Hot-melt coating materials improve efficiency and product quality in pharmaceutical and industrial manufacturing. They melt when heated and solidify quickly, forming strong, uniform coatings on various surfaces. As a result, manufacturers reduce production time, lower costs, and avoid using solvents. Furthermore, understanding wetting behavior and delamination is critical to optimize coating performance. For example, CELLETS® 1000 microcrystalline cellulose pellets serve as excellent starter cores, promoting uniform wetting and consistent coating thickness. Consequently, hot-melt coating materials have become a reliable solution for modern manufacturing needs.
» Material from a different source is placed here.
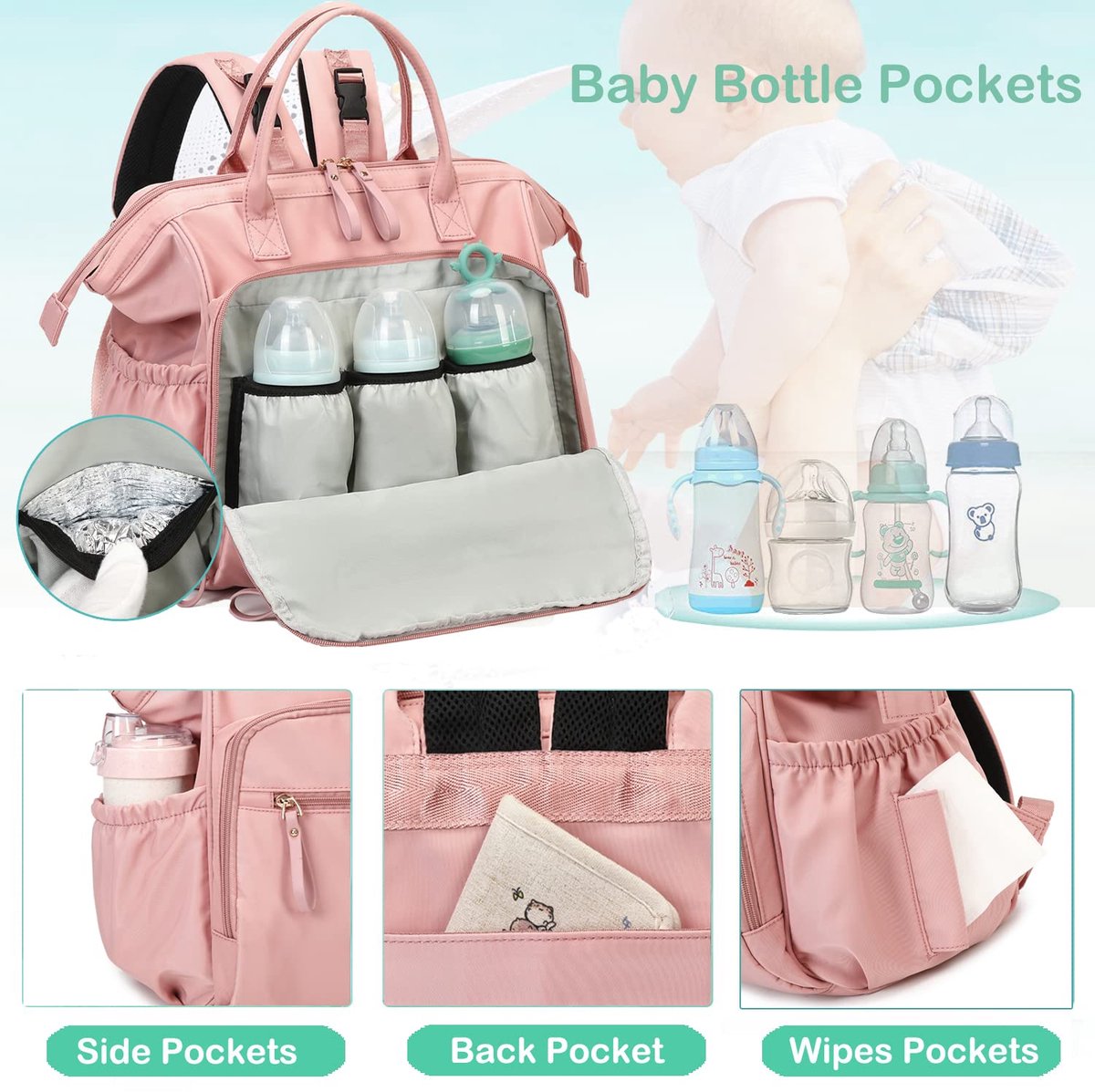 Convertible Diaper Bag - Wide Opening - 14 Pockets - Stylish - Baby Changing Bag - with Stroller Buckle - Diaper Bag - Waterproof (Pink) - Image 5
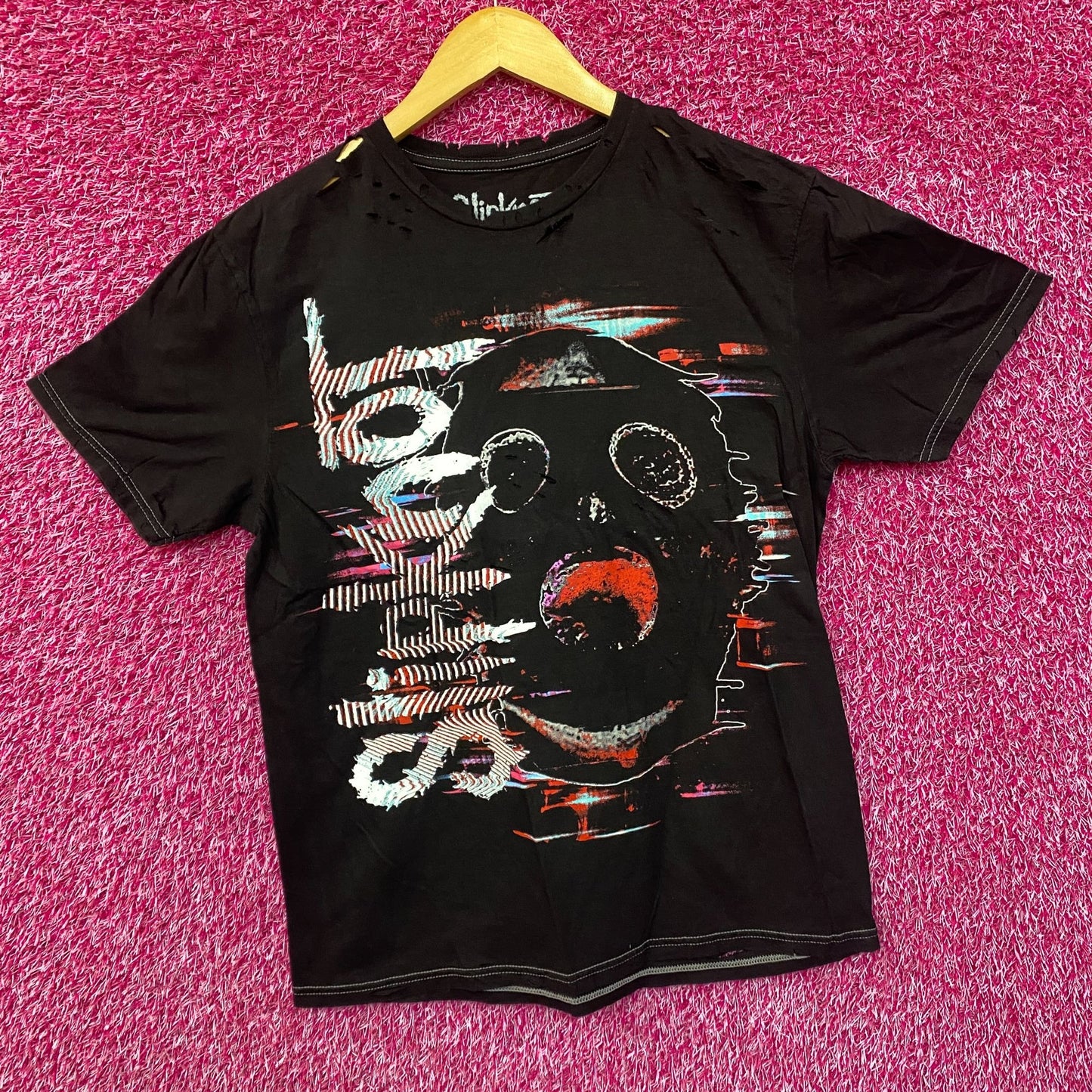 Slipknot Gas Mask Distressed Heavy Metal Band T-Shirt Medium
Enhancing pharmaceutical and industrial applications by hot-melt coating materials
In the study titled Delamination and Wetting Behavior of Natural Hot-Melt Coating Materials, published in Powder Technology [1], the authors investigated the delamination and wetting behaviors of various natural materials. The research aimed to understand how these materials interact with substrates during the coating process, which is crucial for applications in the pharmaceutical industry. The study utilized laboratory coating experiments and micro-computed tomographic measurements to assess delamination frequency, and a drop shape analyzer to evaluate wetting behavior. Interestingly, the study found no correlation between delamination and wetting behavior, suggesting that other factors may influence delamination in hot-melt coatings.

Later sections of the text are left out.